Covid: a useful glossary of important terms

As we are on the cusp of a second lockdown, the following neologisms are entering common use to help us all through the pandemic.

Coronacoaster

The ups and downs of your mood during the pandemic. You’re loving lockdown one minute but suddenly weepy with anxiety the next. It truly is “an emotional coronacoaster”.

Quarantinis

Experimental cocktails mixed from whatever random ingredients you have left in the house. Fruit squash, bit of fizzy pop and that random bottle of booze from Spanish duty free all you’ve got to hand?

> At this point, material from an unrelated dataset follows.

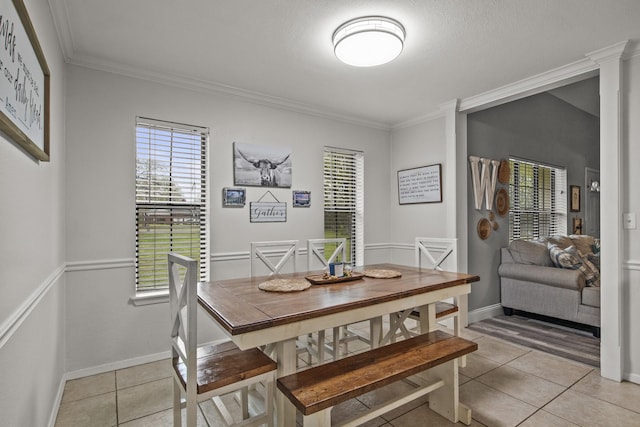 dining area featuring ornamental molding, light tile patterned flooring, and baseboards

Mix it up, pop a glace cherry on top and you’re good to go.

Locktail hour

‘Wine o’clock’ in the lockdown era, which seems to be creeping earlier with each passing week… and your virtual pubs seem to be opening from lunch onwards some days!

Blue Skype thinking

A work brainstorming session which takes place over a videoconferencing app. Being sat on your own sofa as they happen doesn’t make them any less uncomfortable, which was a surprise.

Sauce pot

You wanted to do more than just clap the NHS, but your arm was killing you after banging your pots and pans to out-din the neighbours every Thursday.

Coronials

Move over millennials, the future generation of babies conceived or born during quarantine will be the coronials. We will need to wait and see if every birthday cake will be a shoddily made and tasteless banana bread.

Furlough Merlot

Goblets of the grapey stuff consumed in an attempt to relieve the frustration of not working and trying to use this downtime to become a sommelier by watching hours of YouTube tutorials. Also referred to as “bored-eaux” and “cabernet tedium”.

Coronadose

An overdose of gloom from consuming too many news reports and government press conferences in a short time – in rare cases can trigger a “panicdemic.

The elephant in the Zoom

The glaring issue during a videoconferencing call that nobody feels able to mention. Bad DIY haircut, bombsite house in the background, questionable facial hair or just doing the meeting in a towel as nothing fits anymore.

Quentin Quarantino

The dirge of the social media feeds, this attention-seeker is now making amateur films and comedy which they’re convinced are funnier and cleverer than they actually are. Most likely to have ‘discovered’ TikTok at some point in early April.

Covidiot

Someone who thinks sunbathing or driving several hundred miles to climb Mount Snowdon in their flip flops is more important than following Government advice.

Goutbreak

The sudden fear that you’ve consumed so much wine, cheese, home-made cake and Easter chocolate in lockdown that your ankles are swelling up like a medieval king’s.

Anti-social distancing

Using lockdown as the perfect reason to avoid everyone you don’t like – easier to apply to dodge a dull chat with the neighbours than wriggling out of a particularly tiring and tedious video call.

Coughin’ dodger

Someone so alarmed by an innocuous splutter or throat-clear that they back away in terror and call 999 and beg for the ‘infected one’ to be locked up…

Mask-ara

If people can only see your eyes, you better make them ‘pop!’ before venturing out in public wearing a surgical mask.

Fattening the curve  

It doesn’t matter how many Joe Wicks workouts you do, it won’t cancel out all the banana bread, quarantinis and general comfort eating and drinking… but who cares, normal rules don’t apply during lockdown!